Abstract
Uveal melanoma is a common intraocular malignant tumor that is uniformly fatal once metastatic. No effective adjuvant therapy currently exists to reduce the risk of distant metastasis after definitive treatment of the primary lesion. Immunotherapy has been used effectively in the adjuvant setting in locally advanced cutaneous melanoma. We performed a Phase I/II clinical trial of adjuvant ipilimumab in high-risk primary uveal melanoma with distant metastasis-free survival (DMFS) as the primary objective. A total of 10 patients with genomically high-risk disease were treated: three at a dose of 3 mg/kg and seven at 10 mg/kg. Two of the seven patients at the higher dose had to discontinue therapy secondary to grade 3 toxicity. At 36 months follow-up, 80% of patients had no evidence of distant disease (95% CI, 58.7–100). With recent advancements in CTLA-4 inhibition, PD-1 inhibition, and combined checkpoint blockade, immunotherapy is a promising avenue of treatment in uveal melanoma. Further clinical trials are needed to elucidate the role of immunotherapy in the adjuvant setting.
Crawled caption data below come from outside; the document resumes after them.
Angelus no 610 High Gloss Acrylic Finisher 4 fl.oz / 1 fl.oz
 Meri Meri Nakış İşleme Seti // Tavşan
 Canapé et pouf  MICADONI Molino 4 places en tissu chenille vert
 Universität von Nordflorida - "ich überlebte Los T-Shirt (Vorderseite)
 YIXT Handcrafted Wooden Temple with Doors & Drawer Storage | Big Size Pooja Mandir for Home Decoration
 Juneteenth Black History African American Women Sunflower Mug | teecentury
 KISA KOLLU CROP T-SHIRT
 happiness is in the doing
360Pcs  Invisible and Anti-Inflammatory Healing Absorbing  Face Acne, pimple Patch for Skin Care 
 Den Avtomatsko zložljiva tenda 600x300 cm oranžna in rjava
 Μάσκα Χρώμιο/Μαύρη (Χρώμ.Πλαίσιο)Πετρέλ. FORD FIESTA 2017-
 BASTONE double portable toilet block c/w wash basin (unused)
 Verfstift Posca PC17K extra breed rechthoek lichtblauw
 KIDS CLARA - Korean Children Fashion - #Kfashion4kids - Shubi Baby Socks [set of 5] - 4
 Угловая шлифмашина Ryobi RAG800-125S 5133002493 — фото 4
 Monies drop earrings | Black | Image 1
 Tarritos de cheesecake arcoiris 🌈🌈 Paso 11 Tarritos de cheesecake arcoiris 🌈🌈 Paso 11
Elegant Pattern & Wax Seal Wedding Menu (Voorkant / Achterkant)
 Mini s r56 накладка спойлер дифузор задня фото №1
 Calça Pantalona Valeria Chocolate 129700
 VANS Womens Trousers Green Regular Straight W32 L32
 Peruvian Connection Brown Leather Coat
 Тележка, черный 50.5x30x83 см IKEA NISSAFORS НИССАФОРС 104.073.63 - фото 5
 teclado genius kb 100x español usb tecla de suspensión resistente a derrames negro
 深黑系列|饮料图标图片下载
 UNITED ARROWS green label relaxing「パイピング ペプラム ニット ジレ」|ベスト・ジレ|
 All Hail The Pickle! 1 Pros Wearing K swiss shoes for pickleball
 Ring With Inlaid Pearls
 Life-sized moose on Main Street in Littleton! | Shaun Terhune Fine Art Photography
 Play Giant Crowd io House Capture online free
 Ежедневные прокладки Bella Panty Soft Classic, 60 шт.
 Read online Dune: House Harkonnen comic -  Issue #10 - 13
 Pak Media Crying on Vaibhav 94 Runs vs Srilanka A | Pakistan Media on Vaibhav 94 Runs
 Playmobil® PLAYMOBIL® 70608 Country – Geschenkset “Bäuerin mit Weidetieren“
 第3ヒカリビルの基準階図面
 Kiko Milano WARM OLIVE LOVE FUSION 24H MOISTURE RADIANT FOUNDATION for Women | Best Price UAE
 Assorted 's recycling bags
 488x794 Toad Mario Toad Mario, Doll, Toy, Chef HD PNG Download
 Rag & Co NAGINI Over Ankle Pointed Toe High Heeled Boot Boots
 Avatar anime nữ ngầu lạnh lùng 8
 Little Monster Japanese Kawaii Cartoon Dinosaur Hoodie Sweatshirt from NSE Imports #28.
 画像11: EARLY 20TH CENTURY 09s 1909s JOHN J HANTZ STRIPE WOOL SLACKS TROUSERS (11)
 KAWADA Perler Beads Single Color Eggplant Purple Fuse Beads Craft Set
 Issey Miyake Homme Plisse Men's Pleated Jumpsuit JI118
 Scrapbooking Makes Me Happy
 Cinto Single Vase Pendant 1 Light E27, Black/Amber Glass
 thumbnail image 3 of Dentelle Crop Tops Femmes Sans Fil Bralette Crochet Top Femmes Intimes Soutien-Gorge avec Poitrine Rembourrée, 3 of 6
Keywords: adjuvant, ipilimumab, high-risk, Class 2, uveal melanoma, clinical trial
1. Introduction
Uveal melanoma is the most common primary intraocular malignant tumor in adults and represents approximately 5% of all melanoma diagnoses [1,2]. Primary uveal melanoma is definitively treated with brachytherapy, proton beam radiation, or enucleation [3,4], and clinical evidence of metastatic disease at presentation is rare [5]. Despite definitive treatment, approximately 50% of patients with uveal melanoma will relapse with a uniformly fatal metastatic disease and have a median overall survival period of less than 12 months [6,7,8,9]. Features of the primary tumor prognostic for an increased risk of distant metastatic disease include tumor size, AJCC staging, and genomic analysis demonstrating monosomy 3 or DecisionDx-UM high-risk molecular gene signature [10,11,12,13,14]. Currently, there is no consensus regarding adjuvant therapy for reducing the risk of distant metastases. Attempts to use dacarbazine, low-dose interferon, hepatic arterial fotemustine, and sunitinib have either failed to show an overall survival benefit or been limited by study design [15,16,17,18].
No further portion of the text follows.